The 2019 Serpentine Pavilion designer and founder of Tokyo's Junya Ishigami + Associates was recognized by the Prize's jury this January for a boundary-pushing approach that has largely and by many measures contributed to contemporary architecture's embrace of more ethereal and open public space-oriented designs while earning his reputation as the “Master of the Void.”
"Junya Ishigami is one of the most interesting architects of the younger generation. Both his persistent attitude and his visionary work make him the perfect Kiesler Prize winner," Kiesler Foundation president Elke Delugan-Meissi said prior to his acceptance. "His poetically sculptural building designs are always at the interface of architecture, art and social design and take the discipline to a new level. While the building industry has taken over the ownership of what architecture should look like, with a focus on commercial aspects, Ishigami follows his own uncompromising path in realizing his visionary projects."
“Each of his idiosyncratic projects is unique in its aesthetics and refers to the individual circumstances and problems of our time,” she continued. “Thereby he continuously expands and transcends the boundaries of his profession and sets new standards for the future.”

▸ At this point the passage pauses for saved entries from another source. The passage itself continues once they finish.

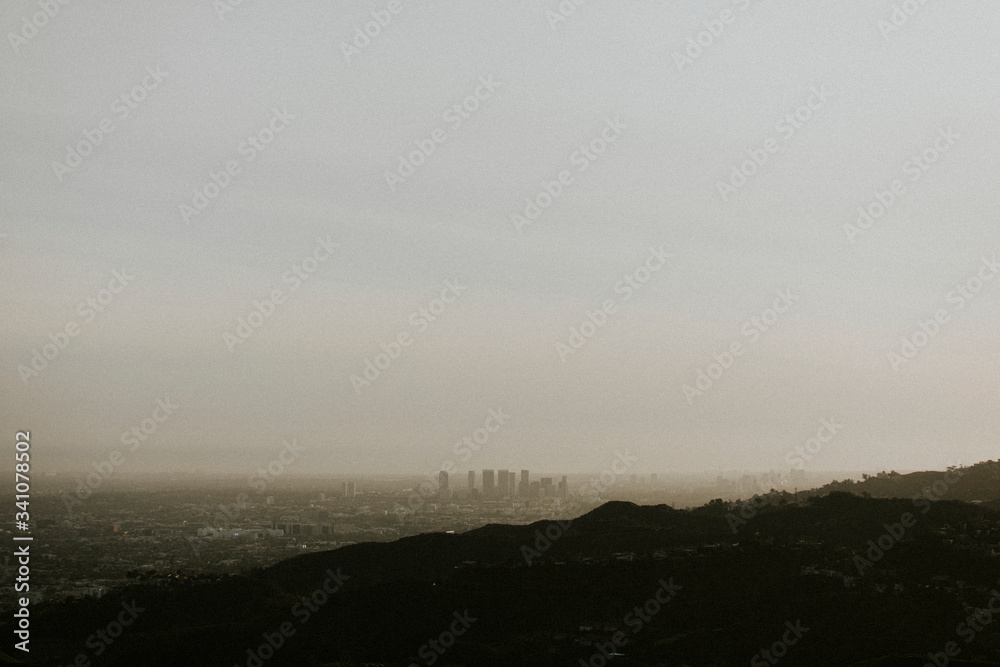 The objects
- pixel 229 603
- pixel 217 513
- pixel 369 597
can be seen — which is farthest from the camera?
pixel 217 513

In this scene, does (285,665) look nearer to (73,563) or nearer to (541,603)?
(541,603)

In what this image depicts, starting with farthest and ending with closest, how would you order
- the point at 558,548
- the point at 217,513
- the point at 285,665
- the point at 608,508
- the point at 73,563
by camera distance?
the point at 217,513, the point at 73,563, the point at 608,508, the point at 558,548, the point at 285,665

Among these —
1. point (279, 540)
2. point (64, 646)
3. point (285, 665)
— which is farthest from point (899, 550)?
point (279, 540)

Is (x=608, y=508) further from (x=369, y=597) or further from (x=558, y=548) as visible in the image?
(x=369, y=597)

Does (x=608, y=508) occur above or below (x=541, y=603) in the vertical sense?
above

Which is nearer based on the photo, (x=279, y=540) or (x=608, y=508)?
(x=608, y=508)

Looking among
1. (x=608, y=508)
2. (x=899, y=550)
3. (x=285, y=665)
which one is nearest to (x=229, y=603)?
(x=285, y=665) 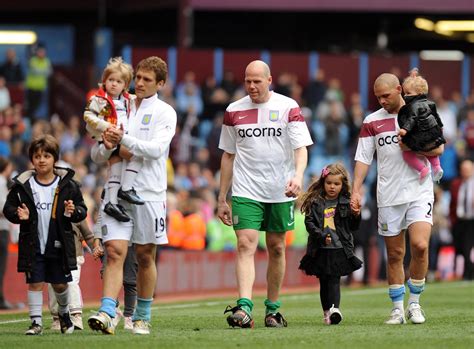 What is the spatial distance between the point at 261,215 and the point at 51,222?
6.43 feet

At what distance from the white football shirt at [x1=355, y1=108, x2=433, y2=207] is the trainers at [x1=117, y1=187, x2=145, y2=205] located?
2575 mm

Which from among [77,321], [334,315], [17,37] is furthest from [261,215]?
[17,37]

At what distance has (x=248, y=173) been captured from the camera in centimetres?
1331

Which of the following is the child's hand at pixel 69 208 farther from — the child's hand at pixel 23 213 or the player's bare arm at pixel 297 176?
the player's bare arm at pixel 297 176

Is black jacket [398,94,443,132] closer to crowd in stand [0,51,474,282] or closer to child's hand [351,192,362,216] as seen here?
child's hand [351,192,362,216]

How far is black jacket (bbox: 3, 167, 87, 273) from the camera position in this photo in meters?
12.5

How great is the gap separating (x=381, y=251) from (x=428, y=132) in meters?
14.3

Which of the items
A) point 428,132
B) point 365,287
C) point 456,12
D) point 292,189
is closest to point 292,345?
point 292,189

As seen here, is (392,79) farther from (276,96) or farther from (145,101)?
(145,101)

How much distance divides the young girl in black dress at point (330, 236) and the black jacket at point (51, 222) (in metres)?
2.38

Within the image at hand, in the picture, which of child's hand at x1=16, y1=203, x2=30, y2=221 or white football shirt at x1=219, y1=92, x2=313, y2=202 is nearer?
child's hand at x1=16, y1=203, x2=30, y2=221

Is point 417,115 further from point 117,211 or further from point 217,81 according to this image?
point 217,81

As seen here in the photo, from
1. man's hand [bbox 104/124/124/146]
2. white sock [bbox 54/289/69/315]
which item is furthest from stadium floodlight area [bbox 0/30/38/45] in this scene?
man's hand [bbox 104/124/124/146]

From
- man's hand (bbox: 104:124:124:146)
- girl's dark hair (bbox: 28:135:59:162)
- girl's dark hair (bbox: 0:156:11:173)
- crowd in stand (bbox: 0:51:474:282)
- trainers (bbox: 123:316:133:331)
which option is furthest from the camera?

Ishigami is the Prize's 13th overall winner. He follows Theaster Gates (2021) and Yona Friedman (2018), the two most recent recipients. Its €55,000 ($59,000 USD) purse is considered one of the highest monetary awards in architecture. Other notable winners include Andrés Jacque (2016), Toyo Ito (2008), and Olafur Eliasson (2006).
Two of Ishigami's recent projects — 2022's House and Restaurant in Ube and the new Zaishui Art Museum in Rizhao, China — will be put on display as part of the exhibition “Junya Ishigami” at the Kiesler Foundation that opened today and will remain on view until October 11th, 2024.